# stupid me, broke a bolt in a cast plate.



## My Oslo heats my home (Sep 12, 2011)

Need some suggestions please. I soaked 2 rear heat shield bolts with wd-40 , in order to remove them the next day. One of them came right out the other did not. Last night I drilled out the broken bolt piece in order to use an "easy out". All went well to this point. I then heated the area with a propane torch and quickly cooled it. I then began to work the easy out and snap. Now the hole is filled with hardened steel. Any suggestions?


----------



## semipro (Sep 12, 2011)

I've had to use a cutting torch when this has happened before.  Usually you can blow the easy out away without damaging the casting if you're careful.  The castings is much larger so it doesn't get a hot as quickly as will the easy out.

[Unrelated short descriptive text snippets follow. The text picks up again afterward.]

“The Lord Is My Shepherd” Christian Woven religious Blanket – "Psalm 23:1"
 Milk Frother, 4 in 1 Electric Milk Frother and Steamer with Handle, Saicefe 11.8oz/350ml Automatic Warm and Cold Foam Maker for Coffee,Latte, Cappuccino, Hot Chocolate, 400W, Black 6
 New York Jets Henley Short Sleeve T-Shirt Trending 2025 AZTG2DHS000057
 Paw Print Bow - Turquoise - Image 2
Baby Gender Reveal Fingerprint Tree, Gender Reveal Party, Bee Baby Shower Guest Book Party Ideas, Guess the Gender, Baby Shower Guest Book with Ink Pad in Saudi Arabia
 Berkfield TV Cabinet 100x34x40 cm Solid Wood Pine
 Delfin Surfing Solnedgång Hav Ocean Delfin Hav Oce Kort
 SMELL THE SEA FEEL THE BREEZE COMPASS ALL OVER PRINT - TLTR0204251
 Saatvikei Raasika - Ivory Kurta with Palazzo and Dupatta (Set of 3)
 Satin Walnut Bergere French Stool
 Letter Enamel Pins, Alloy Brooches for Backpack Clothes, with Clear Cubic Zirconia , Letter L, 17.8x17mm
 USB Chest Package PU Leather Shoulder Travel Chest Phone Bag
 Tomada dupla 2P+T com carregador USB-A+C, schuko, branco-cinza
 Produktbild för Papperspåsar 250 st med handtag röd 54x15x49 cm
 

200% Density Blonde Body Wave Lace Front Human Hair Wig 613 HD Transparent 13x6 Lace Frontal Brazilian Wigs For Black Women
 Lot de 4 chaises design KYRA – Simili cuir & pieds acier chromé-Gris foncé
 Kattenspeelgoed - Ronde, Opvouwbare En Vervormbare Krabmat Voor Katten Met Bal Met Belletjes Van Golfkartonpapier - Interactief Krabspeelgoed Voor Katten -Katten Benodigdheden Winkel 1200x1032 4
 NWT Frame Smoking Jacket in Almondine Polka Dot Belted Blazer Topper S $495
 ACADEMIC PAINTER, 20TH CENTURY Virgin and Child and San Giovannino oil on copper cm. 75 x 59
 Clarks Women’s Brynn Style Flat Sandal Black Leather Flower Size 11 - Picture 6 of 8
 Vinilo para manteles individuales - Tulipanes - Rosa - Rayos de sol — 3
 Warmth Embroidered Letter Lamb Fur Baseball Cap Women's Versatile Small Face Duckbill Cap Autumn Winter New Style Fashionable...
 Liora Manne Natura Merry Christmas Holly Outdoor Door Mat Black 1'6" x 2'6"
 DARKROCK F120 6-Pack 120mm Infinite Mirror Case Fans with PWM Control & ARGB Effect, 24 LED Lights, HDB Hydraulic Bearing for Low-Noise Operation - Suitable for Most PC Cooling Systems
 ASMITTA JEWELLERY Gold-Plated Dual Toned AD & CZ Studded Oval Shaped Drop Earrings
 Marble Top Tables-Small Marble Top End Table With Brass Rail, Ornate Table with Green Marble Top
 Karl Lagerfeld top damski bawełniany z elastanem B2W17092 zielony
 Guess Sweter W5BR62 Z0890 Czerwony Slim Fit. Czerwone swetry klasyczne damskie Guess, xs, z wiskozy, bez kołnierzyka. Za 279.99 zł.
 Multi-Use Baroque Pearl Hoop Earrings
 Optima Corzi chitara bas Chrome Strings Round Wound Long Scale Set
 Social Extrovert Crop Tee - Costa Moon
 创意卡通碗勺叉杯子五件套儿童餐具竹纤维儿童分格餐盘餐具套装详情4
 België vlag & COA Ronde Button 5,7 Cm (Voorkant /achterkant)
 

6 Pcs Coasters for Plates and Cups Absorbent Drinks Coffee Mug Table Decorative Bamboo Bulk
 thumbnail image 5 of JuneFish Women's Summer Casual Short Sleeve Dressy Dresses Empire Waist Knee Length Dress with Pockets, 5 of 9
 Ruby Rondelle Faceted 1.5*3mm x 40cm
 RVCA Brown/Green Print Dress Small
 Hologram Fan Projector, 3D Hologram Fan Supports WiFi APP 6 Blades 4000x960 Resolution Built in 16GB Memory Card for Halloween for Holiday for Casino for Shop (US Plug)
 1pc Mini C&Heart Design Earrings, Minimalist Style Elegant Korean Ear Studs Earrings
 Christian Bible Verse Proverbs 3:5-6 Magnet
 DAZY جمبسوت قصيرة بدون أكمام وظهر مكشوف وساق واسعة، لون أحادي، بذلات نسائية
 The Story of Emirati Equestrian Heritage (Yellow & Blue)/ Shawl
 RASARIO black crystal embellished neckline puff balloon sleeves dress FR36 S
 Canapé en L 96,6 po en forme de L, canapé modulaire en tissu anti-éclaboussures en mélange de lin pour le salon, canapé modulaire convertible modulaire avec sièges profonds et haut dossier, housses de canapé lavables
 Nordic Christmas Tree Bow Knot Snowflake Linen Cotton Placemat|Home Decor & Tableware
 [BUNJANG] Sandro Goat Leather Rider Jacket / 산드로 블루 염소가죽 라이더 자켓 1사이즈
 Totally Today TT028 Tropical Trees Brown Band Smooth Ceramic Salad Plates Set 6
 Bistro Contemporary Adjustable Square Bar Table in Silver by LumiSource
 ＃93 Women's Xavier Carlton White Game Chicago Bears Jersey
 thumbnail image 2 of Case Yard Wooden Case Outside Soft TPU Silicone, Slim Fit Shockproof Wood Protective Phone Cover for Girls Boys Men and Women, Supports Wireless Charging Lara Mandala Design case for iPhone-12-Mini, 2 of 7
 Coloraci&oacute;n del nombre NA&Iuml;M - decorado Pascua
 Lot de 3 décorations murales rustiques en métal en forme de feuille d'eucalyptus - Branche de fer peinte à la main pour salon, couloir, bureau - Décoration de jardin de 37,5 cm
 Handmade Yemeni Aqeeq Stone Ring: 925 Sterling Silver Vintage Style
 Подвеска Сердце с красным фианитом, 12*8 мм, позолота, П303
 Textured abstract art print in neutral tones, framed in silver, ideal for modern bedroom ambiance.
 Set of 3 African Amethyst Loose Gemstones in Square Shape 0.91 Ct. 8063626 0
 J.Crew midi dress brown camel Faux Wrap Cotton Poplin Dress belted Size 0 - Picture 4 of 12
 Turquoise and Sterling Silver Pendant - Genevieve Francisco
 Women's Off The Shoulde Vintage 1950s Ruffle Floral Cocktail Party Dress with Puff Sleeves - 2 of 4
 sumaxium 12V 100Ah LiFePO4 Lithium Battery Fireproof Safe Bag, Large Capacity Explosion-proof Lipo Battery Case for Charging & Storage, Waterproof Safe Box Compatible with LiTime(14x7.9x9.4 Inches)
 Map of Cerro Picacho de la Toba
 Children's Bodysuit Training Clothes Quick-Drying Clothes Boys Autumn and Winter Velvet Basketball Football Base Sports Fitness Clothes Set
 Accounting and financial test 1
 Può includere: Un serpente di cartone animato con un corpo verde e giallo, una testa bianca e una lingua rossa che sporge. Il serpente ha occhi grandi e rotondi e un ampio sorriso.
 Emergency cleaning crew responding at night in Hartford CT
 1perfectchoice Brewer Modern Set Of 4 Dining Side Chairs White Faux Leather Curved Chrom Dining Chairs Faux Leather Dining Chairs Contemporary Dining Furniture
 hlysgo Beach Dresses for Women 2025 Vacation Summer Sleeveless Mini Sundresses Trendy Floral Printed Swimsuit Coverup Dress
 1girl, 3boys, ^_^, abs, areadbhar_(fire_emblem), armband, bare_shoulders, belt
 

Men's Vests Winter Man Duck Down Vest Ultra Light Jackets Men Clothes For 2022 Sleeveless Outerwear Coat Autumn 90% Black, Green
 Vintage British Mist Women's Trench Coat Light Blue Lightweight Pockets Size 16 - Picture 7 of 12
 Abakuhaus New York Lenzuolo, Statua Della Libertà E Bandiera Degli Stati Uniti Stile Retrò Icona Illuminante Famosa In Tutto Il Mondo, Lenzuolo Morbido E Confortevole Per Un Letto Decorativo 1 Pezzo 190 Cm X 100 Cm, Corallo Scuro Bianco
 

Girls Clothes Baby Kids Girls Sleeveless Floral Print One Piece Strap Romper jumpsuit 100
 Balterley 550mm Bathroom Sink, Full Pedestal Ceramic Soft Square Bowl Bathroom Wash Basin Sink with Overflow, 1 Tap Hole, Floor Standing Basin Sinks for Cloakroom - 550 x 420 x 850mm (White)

Edit: BTW, WD-40 was probably not the best thing to use as a penetrating oil.  Its a water dispersant.  Its not a particularly good lubricant either.


----------



## WES999 (Sep 12, 2011)

I guess it's too late to say "never use a easy-out on a frozen bolt". If you can heat the easy out red hot and let it cool slowly you may be able to anneal it enough to drill it out. You could also try a carbide tipped masonry drill bit. WD-40 is not very good, try some PB blaster. Good luck.

In situations like it is usually best to just drill out the broken bolt and re tap the treads. If a bolt/screw is frozen enough to snap the head off it will likely snap the easy-out.


----------



## My Oslo heats my home (Sep 12, 2011)

definitely learned my lesson here. Do they make carbide bits other than masonry that will do the same thing? Funny thing was, when I drilled out the remaining bolt I had removed like 80% of the material, I thought for sure the easy out would have taken the remaining parts out. I can just hear it saying "not so fast mister". 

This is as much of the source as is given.